First discovered in southeast Germany in the 1930s, Plateosaurus was only the fifth non-avian dinosaur known to science – but its fossils were fragmentary and poorly understood until the early 20th century, when large bonebeds full of much better specimens began to be excavated.
Between the 1910s and 1930s around 80 near-complete skeletons of Plateosaurus were found in two German quarries, quickly making it one of the most abundant and best known dinosaur species of the time. Although it had previously been classified as a theropod dinosaur, in the 1920s the more complete material allowed it to be properly identified as a “prosauropod“, an early herbivorous relative of the giant sauropods.
Like many bipedal dinosaurs during this period Plateosaurus was generally interpreted as having an upright kangaroo-like posture with a dragging tail – although some paleontologists were arguing for it having a sprawling quadrupedal lizard-like stance as late as the mid-1930s.
Unfortunately much of the German fossil material was destroyed during World War II bombing raids, and interest in Plateosaurus didn’t pick up again until the time of the Dinosaur Renaissance when a third major fossil site was discovered in Switzerland during the 1970s.
Plateosaurus was reinterpreted with a horizontal body posture and fully upright limbs. As an early member of the sauropodomorph lineage it was often depicted as a transitional form between bipedal ancestral dinosaurs and the later quadrupedal sauropods, thought to primarily walk on all fours but also able to run on its hind legs like a hadrosaur – although some studies instead concluded it was fully quadrupedal with a downwards-curling tail that made bipedal movement impossible.
The large numbers of skeletons found together were considered to represent evidence for herding behavior, with groups of Plateosaurus being caught in catastrophic mudflows all at once.
Extensive biomechanical studies in the 2000s and early 2010s clarified what sort of posture Plateosaurus was really capable of. It was found to be completely unable to position its arms in a quadrupedal stance, and so was actually purely bipedal – and skeletons that had been mounted in the quadrupedal position had needed many of their joints to be completely dislocated to achieve the pose!
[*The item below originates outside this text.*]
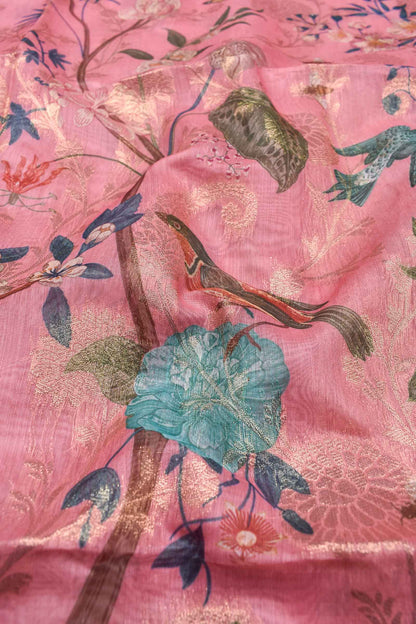 Pink Fancy Barbari Silk Bird Garden Print Saree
A huge number of different Plateosaurus species had been named over the genus’ nearly-200-years of history, too, creating a confusing mess of dubious and invalid names. These were all finally revised in 2019 leaving just three valid species, with Plateosaurus trossingensis as the best known and the new type species.
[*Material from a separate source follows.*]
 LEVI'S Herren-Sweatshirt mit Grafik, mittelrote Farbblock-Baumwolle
We now know Plateosaurus lived across central and northern Europe during the Late Triassic, around 214-204 million years ago, at a time when the region had a subtropical climate. It had a small head on a long flexible neck, with teeth convergently resembling those of modern iguanas suggesting it was probably primarily herbivorous (with possible opportunistic omnivory). Its arms were proportionally short for a prosauropod but were well-adapted for grasping, with large claws that may have been used to dig up roots and tear down branches
It had a rapid growth rate and bird-like lungs and air sacs that suggest it was warm-blooded, and different individuals showed an unusually high amount of variation in adult size and age of maturity. Some appear to have been fully grown at about 5m long (~16′) and as young as 12 years old, while others reached 10m long (~33′), and were still growing at 27 years old.
The bonebeds are no longer thought to represent mass mortalities of herds, but instead were probably a scenario more similar to the La Brea Tar Pits – mud-miring traps that smaller lighter animals could escape from but larger individuals became stuck and died.
No prosauropod skin impressions have been found yet, so it’s still unknown whether Plateosaurus was scaly like later sauropods or if it had some degree of protofeather hair-like fuzz.